Think about it this way: if you change your code to: new_item = N(i,R,8)

then new_item.set is now an alias for R (Python doesn't copy objects when you reassign them). If tuples conferred immutability to mutable members, what would you expect R.remove(1) to do? Since it is the same set as new_item.set, any changes you make to one will be visible in the other. If the set had become immutable because it has become a member of a tuple, R.remove(1) would suddenly fail. All method calls in Python work or fail depending on the object only, not on the variable - R.remove(1) and new_item.set.remove(1) have to behave the same way.

This also means that:

R = set(range(0,8))
for i in range(0,8):
    items.append(N(i,R,8))

probably has a subtle bug. R never gets reassigned here, and so every namedtuple in items gets the same set. You can confirm this by noticing that items[0].set is items[1].set is True. So, anytime you mutate any of them - or R - the modification would show up everywhere (they're all just different names for the same object).
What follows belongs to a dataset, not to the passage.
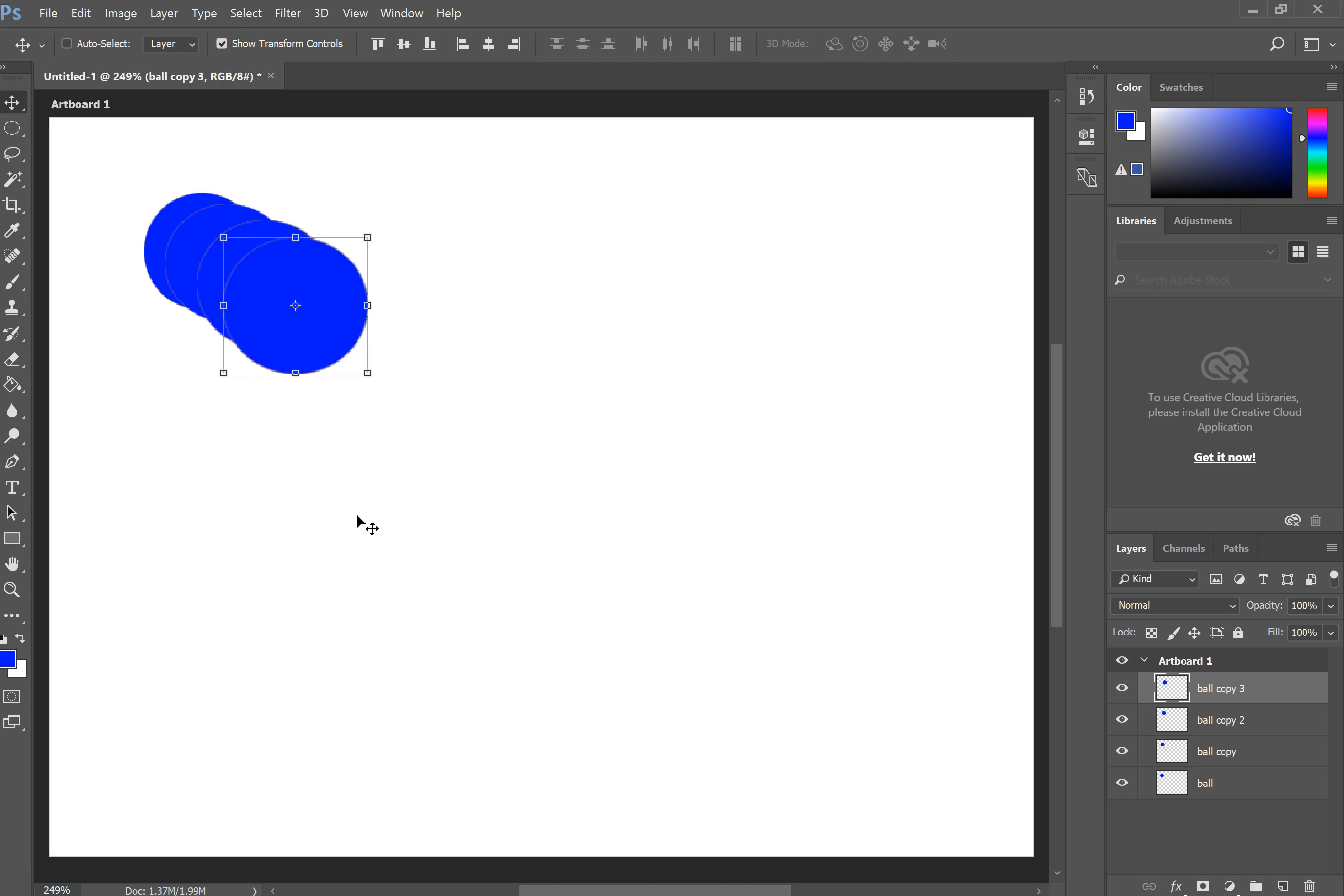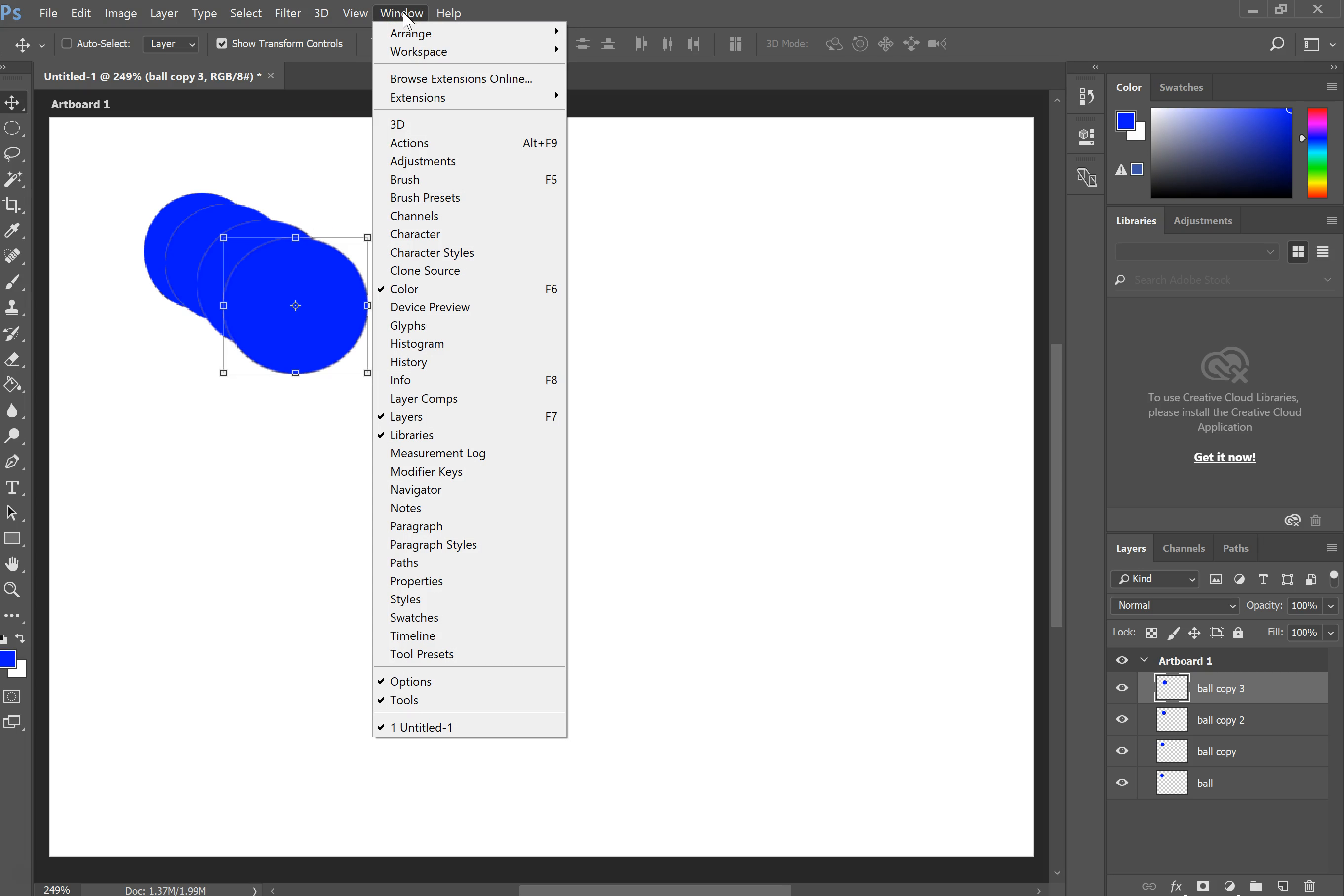Now we want to make this into an actual animation that we can watch and play back. To do that, we have to get our timeline. To get your timeline, go to Window at the top, and then Timeline is near the bottom.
This is a problem that usually comes up when you do something like

a = [[]] * 3
a[0].append(2)

and a will now be [[2], [2], [2]]. There are two ways around this general problem:

First, be very careful to create a new mutable object when you assign it, unless you do deliberately want an alias. In the nested lists example, the usual solution is to do a = [[] for _ in range(3)]. For your sets in tuples, move the line R = ... to inside the loop, so it gets reassigned to a new set for each namedtuple.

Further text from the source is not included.